I recently needed custom time formatting in a web app. After solving it, I documented it here.
Requirement 1: Use UTC (zero time zone)
To standardize time display, we needed to show time in UTC. Since we already use a shared date utility based on momentJS, we only needed to set the default time zone at web startup.

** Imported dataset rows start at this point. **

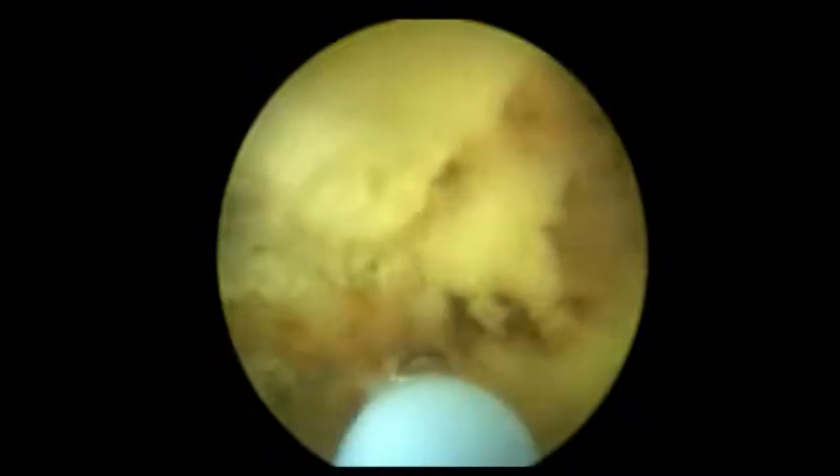Once you are in the surgical plane, use the scope to gently wedge underneath the median lobe and peel it up towards the bladder neck. You will need to stop lasering from time to time to bluntly peel the lobe up.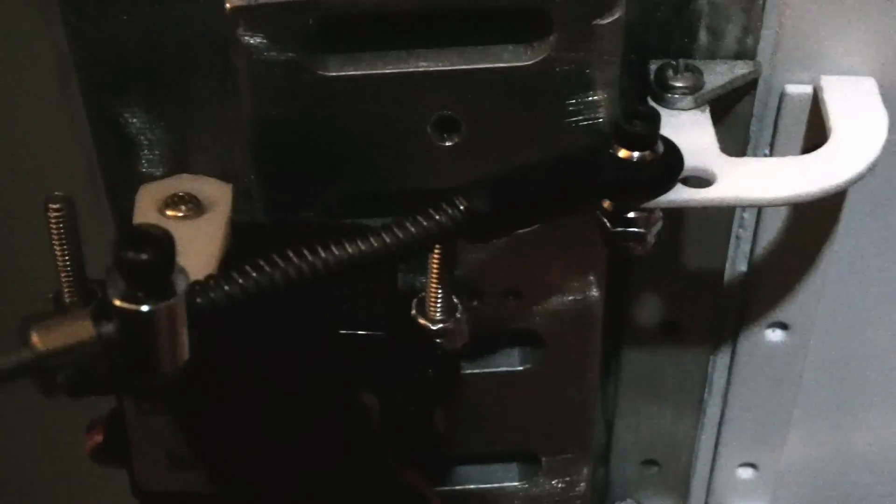I have added a spring to the push rod assembly I have made. In the dome, I have a linkage, I have the spring, I have the collar, and then I have where it meets with the linkage. And then I have another collar and another spring.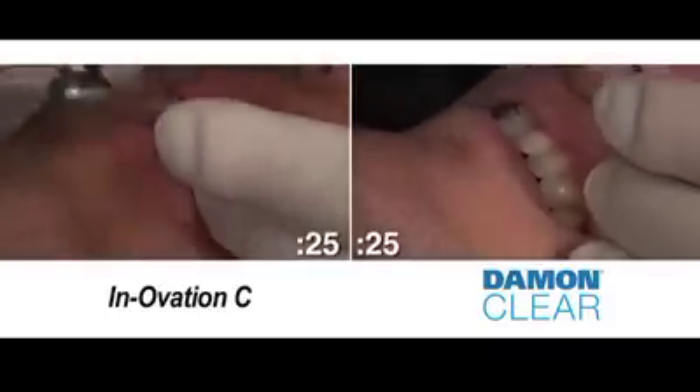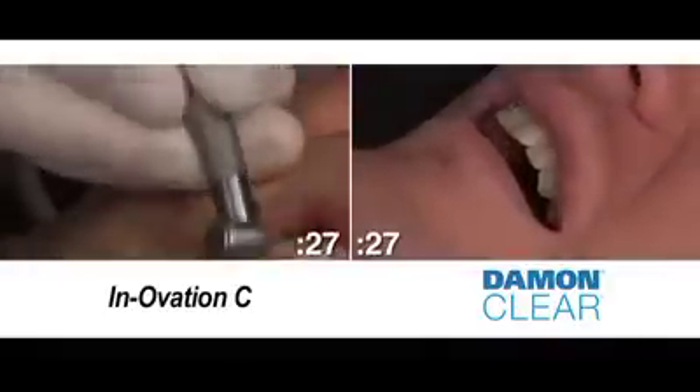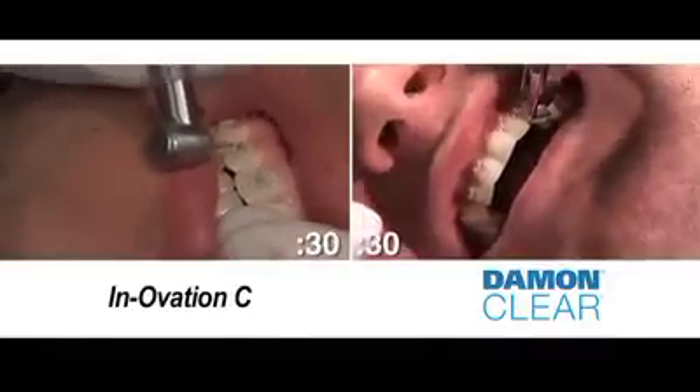With Innovation C, several instruments are required for debonding. Damon Clear simply requires the Damon Clear debonding instrument.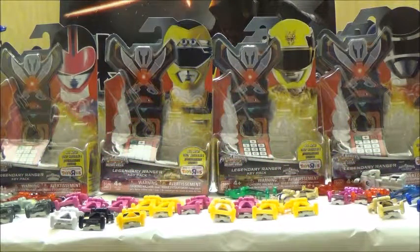Hi YouTube, this is Darkon633, and today we're taking a look at the final Ranger Key Packs that were released this year as a part of another Toys R Us exclusive wave. I'm actually impressed that Bandai America really went out of their way to release all the Ranger Keys in the Bandai America toy line.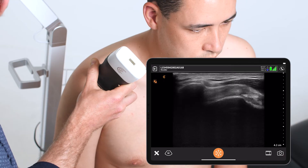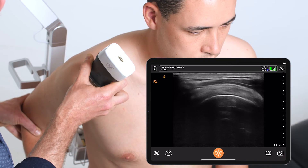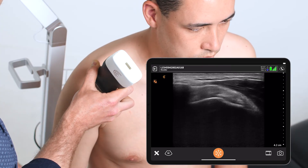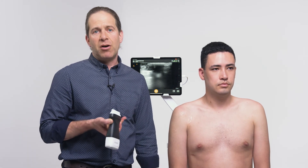In dynamic motion with the tendon in view, I can take their arm back and forth through the full range of motion looking for any signs of impingement. As we can see in this patient, there was no obvious pathology identified.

moment.tz.setDefault('Africa/Abidjan');
Note: Africa/Abidjan is UTC.
Requirement 2: Display format based on system locale while keeping UTC
If the locale is en-us:
2/3/2020
February 3, 2020 at 3:18 PM
If the locale is en-gb:
03/02/2020
3 February 2020 at 15:17
Because time zone must stay UTC, moment formatting alone is not ideal: you either stick to a fixed time zone or manually specify a format. Fortunately, JS has toLocaleDateString.
Here is the solution:
# Date
moment().toDate().toLocaleDateString(navigator.language, {
timeZone: moment.defaultZone.name
})
# Date + time
moment().toDate().toLocaleDateString(navigator.language, {
timeStyle: 'short',
dateStyle: 'long',
timeZone: moment.defaultZone.name
})
Browser language
Since we rely on locale formatting, how do we test it? We need to understand browser language settings.
- Browsers default to the system language at install time.
- Browsers allow custom language settings, which may differ from the system. A web app should follow the browser language unless it has its own language logic. So you do not need to follow the OS language.
- For Chrome language settings, see here.
- Change the first language as above, refresh the web page, and you can test the display.
Final Thoughts
It is a small problem, but worth recording.